Pensions - Articles - Retirees report less in pensions than they hoped for

Retirees hoped to have a pension pot of £250k – but on average have £131k in retirement savings potentially reducing monthly income in retirement by £480. Half of retirees express regrets about their financial preparation: 53% wished they’d started saving earlier, 42% regret not accessing advice or guidance.

 New research from Standard Life, part of Phoenix Group, reveals that UK adults face a significant shortfall in the amount of pension savings they have at retirement compared to what they wanted to retire on, potentially impacting their retirement lifestyle as a result.
 Standard Life’s Retirement Voice Report found that, on average, retirees had hoped to build up a pension pot of £250,000. However, the average amount that they accumulated by retirement was £131,000 – leaving a £119,000 shortfall.
 Based on current annuity rates, a pot of £250,000 could lead to an income of £1,007 monthly, or £12,091 a year, assuming a retirement age of 66. A pot of £131,000 could result in a monthly income of £527 in retirement, or £6,332 yearly - £480 month, or £5,759 a year less. However, the not insignificant £250,000 pot falls short of a ‘moderate’ standard of living in retirement according to the PLSA, including the State Pension.
 Retiree regrets
 Retirees also expressed several regrets in relation to their financial preparation for retirement. Half (50%) wished that they’d thought about their retirement finances at a younger age when they had more time to make changes, 54% wished they saved more, and 53% wished they started saving earlier. Other regrets include:
 • 51% wished they had more information about how to plan and prepare for my retirement
 • 42% said they should have sought advice or guidance to plan for their retirement
 • 37% said they should have sought advice or guidance before they accessed their pension savings
 Dean Butler, Managing Director for Retail Direct at Standard Life said: “It can be hard to work out how much you need to save to achieve your desired standard of living in retirement, particularly earlier on in your career. It’s even harder to stick to it, as everyday expenses and those one-off costs that come up in life constantly threaten to move long-term saving down the priority list. Clearly there’s a big gap between what people hope to save, and what they actually do – this is unsurprising, particularly when looking at it during a cost-of-living crisis, however the result can be a significantly reduced standard of living in retirement.

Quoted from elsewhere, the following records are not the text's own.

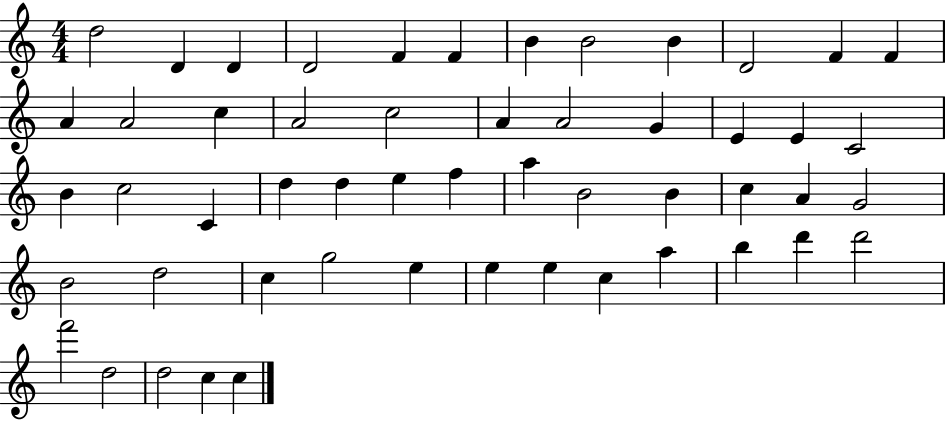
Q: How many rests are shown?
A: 0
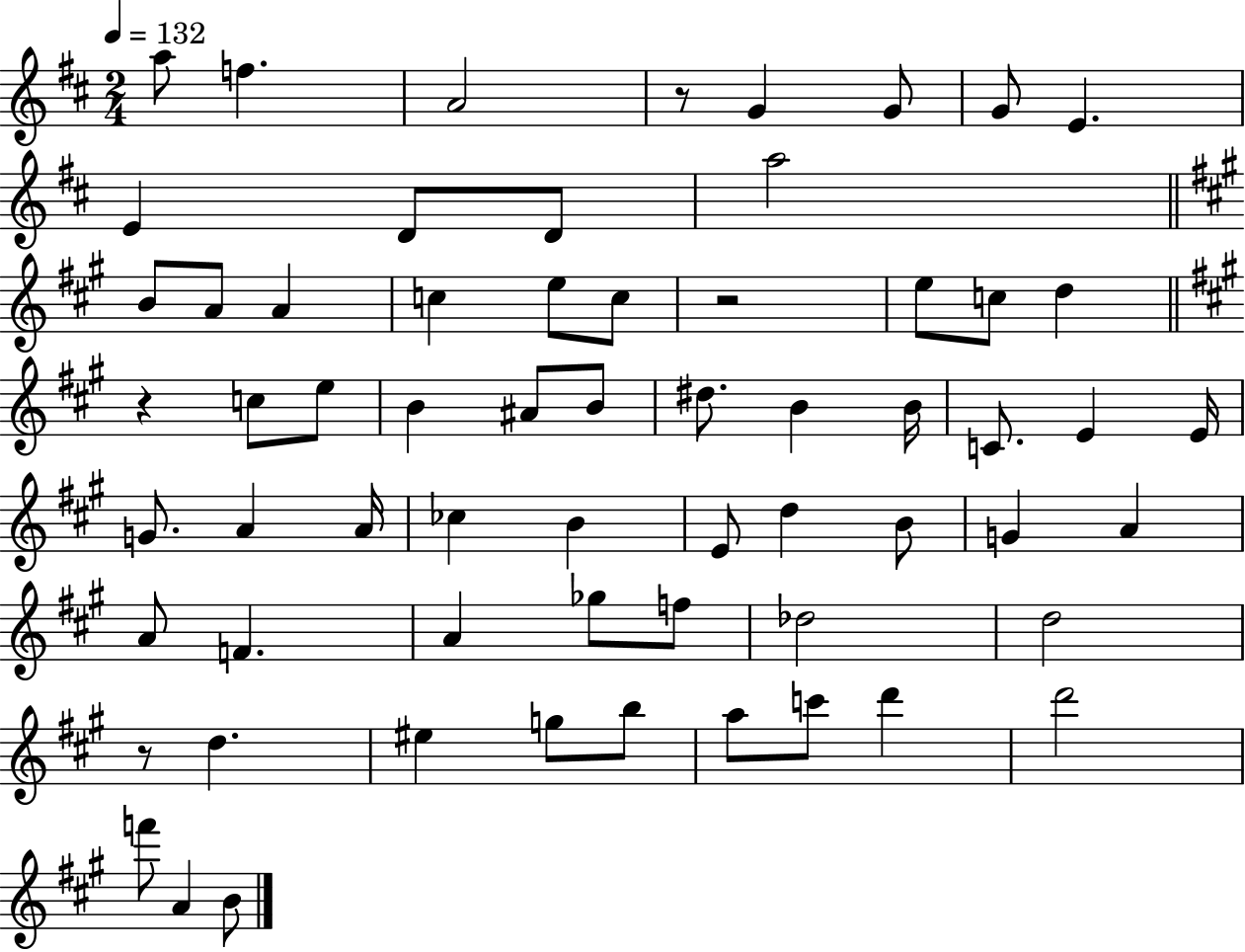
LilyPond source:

{
  \clef treble
  \numericTimeSignature
  \time 2/4
  \key d \major
  \tempo 4 = 132
  a''8 f''4. | a'2 | r8 g'4 g'8 | g'8 e'4. | \break e'4 d'8 d'8 | a''2 | \bar "||" \break \key a \major b'8 a'8 a'4 | c''4 e''8 c''8 | r2 | e''8 c''8 d''4 | \break \bar "||" \break \key a \major r4 c''8 e''8 | b'4 ais'8 b'8 | dis''8. b'4 b'16 | c'8. e'4 e'16 | \break g'8. a'4 a'16 | ces''4 b'4 | e'8 d''4 b'8 | g'4 a'4 | \break a'8 f'4. | a'4 ges''8 f''8 | des''2 | d''2 | \break r8 d''4. | eis''4 g''8 b''8 | a''8 c'''8 d'''4 | d'''2 | \break f'''8 a'4 b'8 | \bar "|."
}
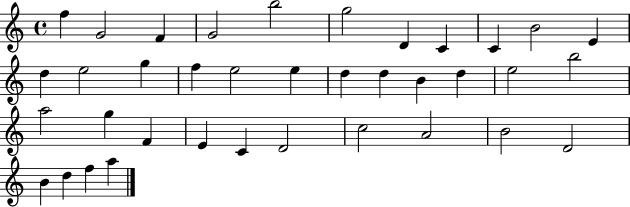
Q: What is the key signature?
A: C major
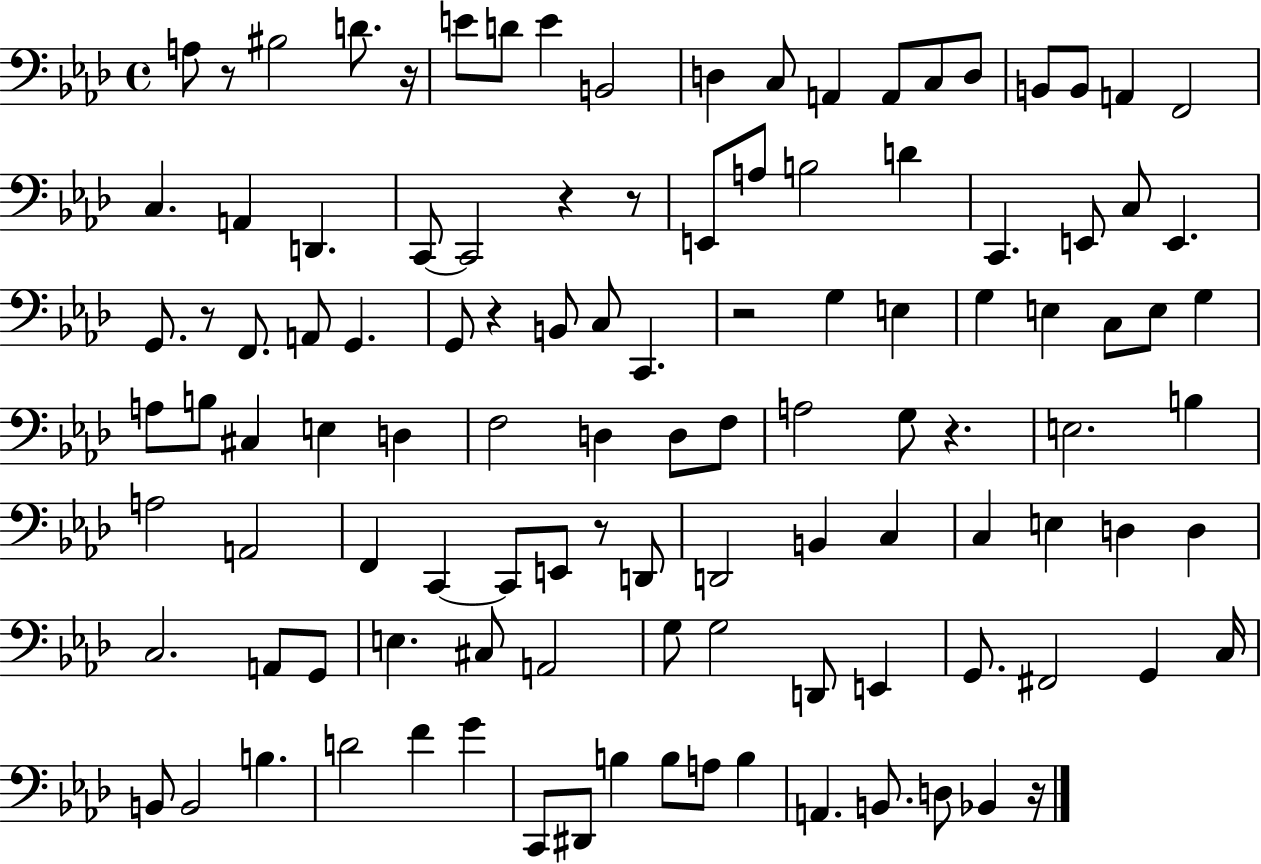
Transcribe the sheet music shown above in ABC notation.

X:1
T:Untitled
M:4/4
L:1/4
K:Ab
A,/2 z/2 ^B,2 D/2 z/4 E/2 D/2 E B,,2 D, C,/2 A,, A,,/2 C,/2 D,/2 B,,/2 B,,/2 A,, F,,2 C, A,, D,, C,,/2 C,,2 z z/2 E,,/2 A,/2 B,2 D C,, E,,/2 C,/2 E,, G,,/2 z/2 F,,/2 A,,/2 G,, G,,/2 z B,,/2 C,/2 C,, z2 G, E, G, E, C,/2 E,/2 G, A,/2 B,/2 ^C, E, D, F,2 D, D,/2 F,/2 A,2 G,/2 z E,2 B, A,2 A,,2 F,, C,, C,,/2 E,,/2 z/2 D,,/2 D,,2 B,, C, C, E, D, D, C,2 A,,/2 G,,/2 E, ^C,/2 A,,2 G,/2 G,2 D,,/2 E,, G,,/2 ^F,,2 G,, C,/4 B,,/2 B,,2 B, D2 F G C,,/2 ^D,,/2 B, B,/2 A,/2 B, A,, B,,/2 D,/2 _B,, z/4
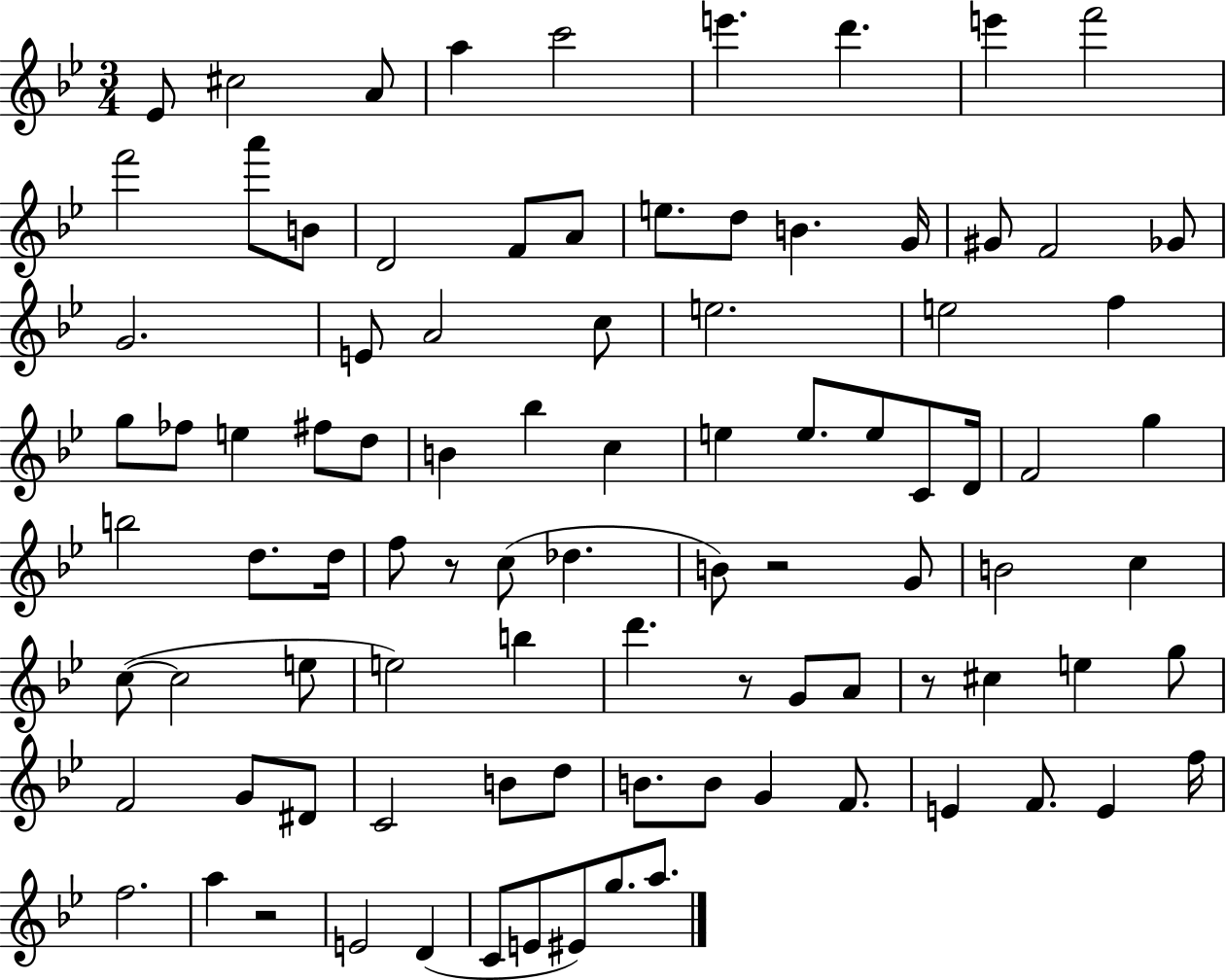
{
  \clef treble
  \numericTimeSignature
  \time 3/4
  \key bes \major
  ees'8 cis''2 a'8 | a''4 c'''2 | e'''4. d'''4. | e'''4 f'''2 | \break f'''2 a'''8 b'8 | d'2 f'8 a'8 | e''8. d''8 b'4. g'16 | gis'8 f'2 ges'8 | \break g'2. | e'8 a'2 c''8 | e''2. | e''2 f''4 | \break g''8 fes''8 e''4 fis''8 d''8 | b'4 bes''4 c''4 | e''4 e''8. e''8 c'8 d'16 | f'2 g''4 | \break b''2 d''8. d''16 | f''8 r8 c''8( des''4. | b'8) r2 g'8 | b'2 c''4 | \break c''8~(~ c''2 e''8 | e''2) b''4 | d'''4. r8 g'8 a'8 | r8 cis''4 e''4 g''8 | \break f'2 g'8 dis'8 | c'2 b'8 d''8 | b'8. b'8 g'4 f'8. | e'4 f'8. e'4 f''16 | \break f''2. | a''4 r2 | e'2 d'4( | c'8 e'8 eis'8) g''8. a''8. | \break \bar "|."
}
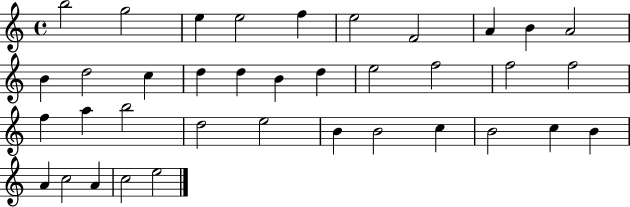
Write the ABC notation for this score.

X:1
T:Untitled
M:4/4
L:1/4
K:C
b2 g2 e e2 f e2 F2 A B A2 B d2 c d d B d e2 f2 f2 f2 f a b2 d2 e2 B B2 c B2 c B A c2 A c2 e2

 “Access to affordable personalised advice and guidance is crucial to closing the gap – as things stand, way too few people feel able to get advice and we can see that people then regret not doing so. Ultimately, contributing as much as possible, as early as possible is the key to a good retirement outcome, but it’s a huge challenge to know what to aim for and when to prioritise long-term saving over more immediate priorities.”